1. Create Conda Environment

# Create and activate the environment
conda env create -f environment.yml
conda activate arbbuilder

Note: If you plan to refresh the knowledge base by scraping (optional), also install playwright:
playwright install chromium

2. Configure Environment Variables

Copy the example environment file and configure your API keys:

cp .env.example .env

Edit .env with your credentials:

OPENROUTER_API_KEY=your-api-key
NVIDIA_API_KEY=your-nvidia-api-key
DEFAULT_MODEL=deepseek/deepseek-v3.2
DEFAULT_EMBEDDING=baai/bge-m3
DEFAULT_CROSS_ENCODER=nvidia/llama-3.2-nv-rerankqa-1b-v2

3. Setup Data

The repository includes all data needed:

Raw data (data/raw/): Documentation pages + curated GitHub repos
Processed chunks (data/processed/): Chunks ready for embedding

Important: The ChromaDB vector database must be generated locally (it's not included in the repo due to binary compatibility issues across systems).

# Generate the vector database (required before using MCP tools)
python -m src.embeddings.vectordb

4. Verify MCP Server

Test that the MCP server starts correctly:

# Run the MCP server directly (press Ctrl+C to exit)
python -m src.mcp.server

You should see:

ARBuilder MCP Server started
Capabilities: 14 tools, 11 resources, 5 prompts

Optional: Refresh Data

If you want to re-scrape the latest documentation and code:

# Run full pipeline (web scraping + GitHub cloning)
python -m scraper.run

# Then preprocess the raw data
python -m src.preprocessing.processor

# And re-ingest into ChromaDB
python -m src.embeddings.vectordb --reset

Data Quality Filters: The pipeline applies a 3-layer filtering system to remove junk data (vendored crates, auto-generated TypeChain files, hex bytecode, lock files, and cross-repo duplicates). See docs/DATA_CURATION_POLICY.md for details.

Data Maintenance

Audit and clean up data sources:

# Audit: compare repos on disk vs config
python scripts/audit_data.py

# Show what orphan repos would be deleted
python scripts/audit_data.py --prune

# Actually delete orphan repos
python scripts/audit_data.py --prune --confirm

# Include ChromaDB stats in audit
python scripts/audit_data.py --chromadb

# GitHub scraper also supports audit/prune
python -m scraper.github_scraper --audit
python -m scraper.github_scraper --prune --dry-run

Fork & Migrate (SDK 0.10.0)

Fork community Stylus repos and migrate them to SDK 0.10.0:

# Dry run: show what would change without modifying anything
python scripts/fork_and_migrate.py --all --dry-run

# Migrate all 13 Stylus repos
python scripts/fork_and_migrate.py --all

# Migrate a specific repo
python scripts/fork_and_migrate.py --repo OffchainLabs/stylus-hello-world

# Re-verify already-forked repos after manual fixes
python scripts/fork_and_migrate.py --all --verify-only

Reports are saved to reports/fork_migration_*.json.

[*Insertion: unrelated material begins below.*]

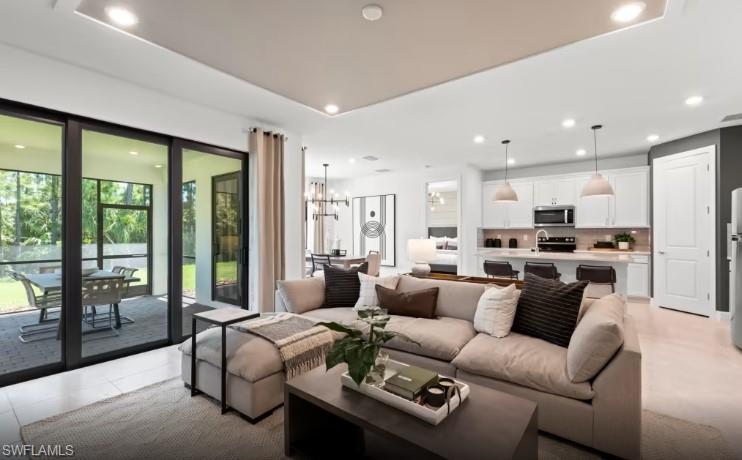 GATHERPOINT - Residential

Quick Start (IDE Integration)

Option A: Self-Hosted (Full Control)

Run ARBuilder locally with your own API keys. No rate limits.

Step 1: Configure your IDE

Add the following to your MCP configuration file:

Cursor (~/.cursor/mcp.json):

{
  "mcpServers": {
    "arbbuilder": {
      "command": "/path/to/miniconda3/envs/arbbuilder/bin/python3",
      "args": ["-m", "src.mcp.server"],
      "env": {
        "OPENROUTER_API_KEY": "your-api-key",
        "PYTHONPATH":"/path/to/ArbBuilder"
      }
    }
  }
}

Claude Desktop (~/Library/Application Support/Claude/claude_desktop_config.json on macOS):

{
  "mcpServers": {
    "arbbuilder": {
      "command": "python",
      "args": ["-m", "src.mcp.server"],
      "cwd": "/path/to/ArbBuilder",
      "env": {
        "OPENROUTER_API_KEY": "your-api-key"
      }
    }
  }
}

Step 2: Restart your IDE

After saving the configuration, restart Cursor or Claude Desktop. The ARBuilder tools will be available to the AI assistant.

Step 3: Start building!

Ask your AI assistant:

"Generate an ERC20 token contract in Stylus"
"How do I deploy a contract to Arbitrum Sepolia?"
"Write tests for my counter contract"

Option B: Hosted Service (Zero Setup)

Use our hosted API - no local setup required. Available at arbuilder.app.

Sign up at https://arbuilder.app and get your API key
Add to your MCP configuration:

{
  "mcpServers": {
    "arbbuilder": {
      "command": "npx",
      "args": ["-y", "mcp-remote", "https://arbuilder.app/mcp",
               "--header", "Authorization: Bearer YOUR_API_KEY"]
    }
  }
}

The hosted service includes:

100 API calls/day (free tier)
No local setup or Python environment required
Always up-to-date with latest Stylus SDK patterns

Usage

Data Ingestion

Hosted (Worker-native): The hosted service at arbuilder.app has a built-in ingestion pipeline that runs automatically via cron (every 6 hours). Sources can also be manually ingested via the admin UI at /admin.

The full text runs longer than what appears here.